Moscow summoned the British military attaché in Moscow and the British ambassador after the provocation.

Speaking on Russian television on July 4, Peskov stated: “I think our intelligence certainly knows who made a decision there [in the situation with the British destroyer]. But certainly I think such operations are basically planned by senior partners from overseas.” An unequivocal reference to the U.S.

He further stated, apropos the above assertion, that, “in this case the destroyer was just a tool of provocation.”

And he added that the person he works for, President Vladimir Putin, offered the following explanation for the motive behind the incident: the Russian head of state “explained that thus some weak spots are sounded out both in the system of monitoring the border integrity and the response system…[this] is a deliberate and well-planned provocation.”

The Russian Defense Ministry accused the British Royal Navy of a gross violation of the United Nations Convention on the Law of the Sea.

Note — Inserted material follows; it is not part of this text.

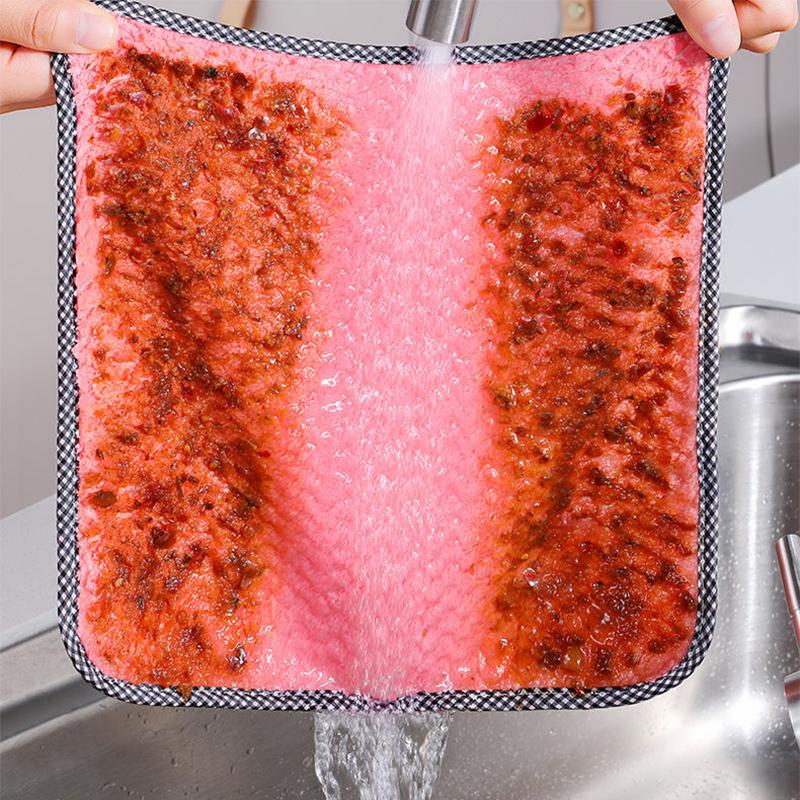 Kitchen Daily Dish Towel Dish Cloth Kitchen Rag Non-stick Oil Thickened Table Cleaning Cloth Absorbent Scouring Pad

The British warship involved, HMS Defender, has departed the Black Sea after port visits in Ukraine, Georgia and Romania with the Dutch frigate that accompanied it into the sea, HNLMS Evertsen, and both rejoined the HMS Queen Elizabeth Carrier Strike Group headed to the Indian Ocean and the Far East.

As the NATO ships go to the Asia-Pacific region, naval forces from Australia, Japan, Pakistan and South Korea are joining the U.S. and its NATO allies in anti-Russian war games off the coast of Crimea and other parts of Russia. Bringing the war to the enemy is the adage that seems to fit the occasion.

During a question and answer period in the television interview mentioned above, the presidential spokesman again paraphrased recent comments by President Putin, saying the latter’s response “was very harsh and it is clear that no provocations should be repeated, the response will be in accordance with the charter that says – to sink.”

To employ another old aphorism, if it’s war they want….

Worse is yet to come. Ukraine will host the founding summit of its Crimean Platform on August 23, with other NATO nations participating. The explicit purpose of the initiative and the event is to oust Russia from Crimea.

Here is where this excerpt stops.